Bionic soft lenses can automatically focus like the human eye.

Science and Technology Daily (Reporter Zhang Mengran) – Researchers at Georgia Institute of Technology have developed a biomimetic soft lens that can automatically adjust its focus based on ambient light intensity, just like the human eye. This achievement demonstrates the broad prospects of light-driven soft materials in building adaptive vision systems, autonomous soft robots, smart medical devices, and next-generation wearable technologies. The relevant research results were published in the latest issue of the journal *Science Robotics*.


This device, called a photoresponsive hydrogel soft lens (PHySL), is made of a hydrogel embedded with light-absorbing graphene oxide, with a microlens at its center. When light shines on it, the graphene oxide absorbs the light energy and generates heat, causing the hydrogel to shrink, thereby stretching the central lens, changing its curvature, and achieving pupil dilation and focal length extension. When the light intensity decreases, the gel cools and returns to its original shape, and the lens also retracts to its initial form. The entire process requires no external power source or mechanical drive.

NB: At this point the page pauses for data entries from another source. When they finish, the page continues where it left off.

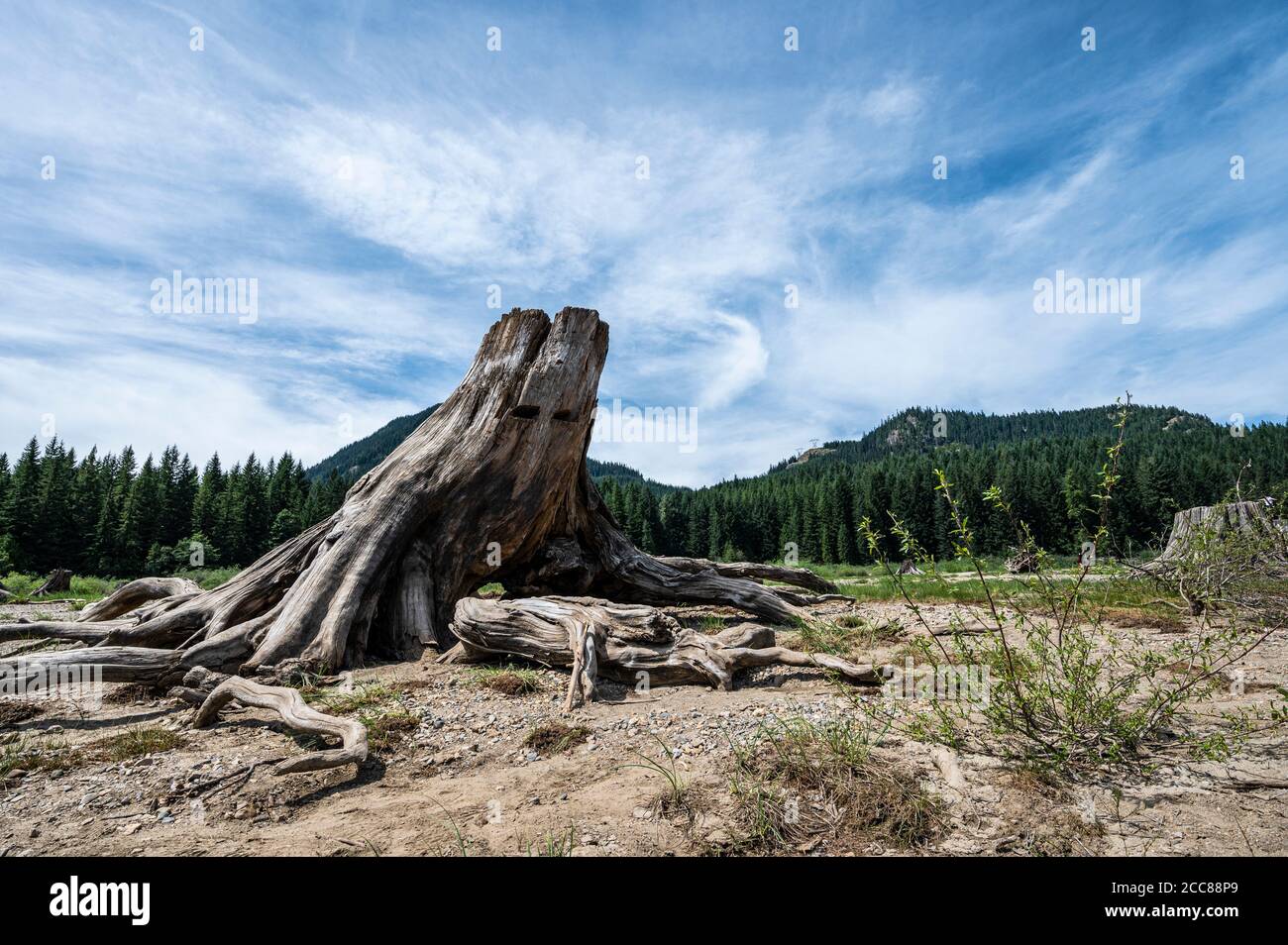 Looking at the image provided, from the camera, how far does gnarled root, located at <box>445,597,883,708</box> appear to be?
21.1ft

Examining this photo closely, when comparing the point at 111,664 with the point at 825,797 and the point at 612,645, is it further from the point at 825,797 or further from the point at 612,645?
the point at 825,797

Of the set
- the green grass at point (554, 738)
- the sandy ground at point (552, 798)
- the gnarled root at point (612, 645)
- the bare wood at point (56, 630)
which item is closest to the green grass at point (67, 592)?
the bare wood at point (56, 630)

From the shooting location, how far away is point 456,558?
1001 centimetres

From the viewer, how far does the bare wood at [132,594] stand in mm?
10633

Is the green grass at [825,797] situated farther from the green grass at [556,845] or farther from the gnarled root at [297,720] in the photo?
the gnarled root at [297,720]

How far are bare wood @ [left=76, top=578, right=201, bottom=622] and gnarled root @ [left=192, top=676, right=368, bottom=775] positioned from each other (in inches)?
241

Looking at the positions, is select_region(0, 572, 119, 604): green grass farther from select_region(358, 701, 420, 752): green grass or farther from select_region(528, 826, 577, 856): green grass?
select_region(528, 826, 577, 856): green grass

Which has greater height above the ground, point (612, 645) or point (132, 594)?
point (132, 594)

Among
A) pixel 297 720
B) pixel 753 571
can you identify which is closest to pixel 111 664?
pixel 297 720

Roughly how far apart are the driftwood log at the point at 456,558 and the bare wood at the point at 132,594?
0.04 m

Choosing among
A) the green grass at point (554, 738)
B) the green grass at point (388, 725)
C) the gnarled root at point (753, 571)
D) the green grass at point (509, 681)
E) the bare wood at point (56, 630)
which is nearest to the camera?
the green grass at point (554, 738)

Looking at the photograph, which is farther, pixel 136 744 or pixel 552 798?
pixel 136 744

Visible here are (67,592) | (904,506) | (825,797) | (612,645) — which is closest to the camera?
(825,797)

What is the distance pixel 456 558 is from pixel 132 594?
6337 mm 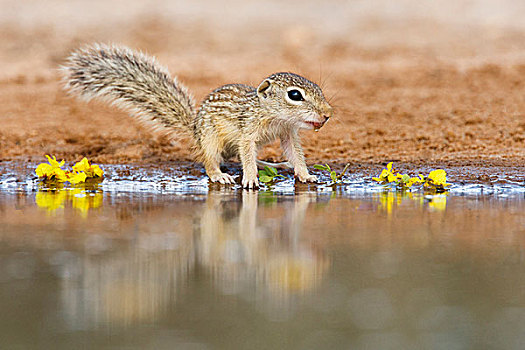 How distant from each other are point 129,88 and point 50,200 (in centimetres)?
208

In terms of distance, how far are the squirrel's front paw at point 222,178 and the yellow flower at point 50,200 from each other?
1.42m

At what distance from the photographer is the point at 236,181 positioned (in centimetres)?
726

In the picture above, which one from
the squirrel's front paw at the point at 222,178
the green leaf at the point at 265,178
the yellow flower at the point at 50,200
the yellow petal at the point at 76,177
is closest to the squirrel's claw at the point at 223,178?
the squirrel's front paw at the point at 222,178

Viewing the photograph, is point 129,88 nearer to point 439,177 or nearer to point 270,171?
point 270,171

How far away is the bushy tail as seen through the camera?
25.3ft

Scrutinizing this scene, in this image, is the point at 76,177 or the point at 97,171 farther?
the point at 97,171

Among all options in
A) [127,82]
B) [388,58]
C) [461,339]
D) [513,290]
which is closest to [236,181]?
[127,82]

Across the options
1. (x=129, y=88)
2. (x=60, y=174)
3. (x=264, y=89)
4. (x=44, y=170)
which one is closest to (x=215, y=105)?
(x=264, y=89)

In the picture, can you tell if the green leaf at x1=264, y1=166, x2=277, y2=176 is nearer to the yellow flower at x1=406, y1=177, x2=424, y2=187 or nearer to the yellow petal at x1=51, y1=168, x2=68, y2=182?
the yellow flower at x1=406, y1=177, x2=424, y2=187

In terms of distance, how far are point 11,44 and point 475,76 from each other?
37.4 ft

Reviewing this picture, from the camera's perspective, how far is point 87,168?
7.29m

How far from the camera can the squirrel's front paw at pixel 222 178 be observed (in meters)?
7.02

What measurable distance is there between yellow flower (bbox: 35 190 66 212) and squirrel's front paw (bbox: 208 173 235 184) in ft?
4.65

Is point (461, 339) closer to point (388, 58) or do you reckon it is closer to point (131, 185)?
point (131, 185)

This design overcomes the limitations of traditional biomimetic optical systems that rely on electronic components or rigid motors, achieving true autonomous adjustment. Researchers integrated PHySL into a conventional bright-field microscope to perform high-resolution imaging of various biological samples, clearly capturing the fine hairs on ant legs, the lobed structures on pollen grain surfaces, the claw-like structures on tick legs, and the minute gaps between individual fibers in fungal samples. The image quality obtained is comparable to that obtained using standard microscope objectives.


Experiments also show that PHySL can automatically adjust its focus under natural lighting conditions, making it suitable for dynamic imaging of multi-layered samples. When integrated into a fiber optic imaging system, the lens can maintain a clear focus on the target even under varying illumination conditions.


This innovation represents the latest achievement in the rapidly developing field of light-driven soft materials. These materials can directly convert light energy into mechanical deformation, with hydrogels, liquid crystal elastomers, and carbon-based composites being research hotspots and applicable to the construction of microrobots and artificial muscles. Graphene oxide, due to its broad-spectrum absorption capacity and efficient photothermal conversion performance, is often used as a "photothermal engine" embedded in polymers or hydrogels to achieve remote, non-contact, precise actuation. PHySL cleverly combines the photothermal effect of graphene oxide with the thermal response characteristics of hydrogels to construct an intelligent optical system capable of autonomously sensing and responding to ambient light.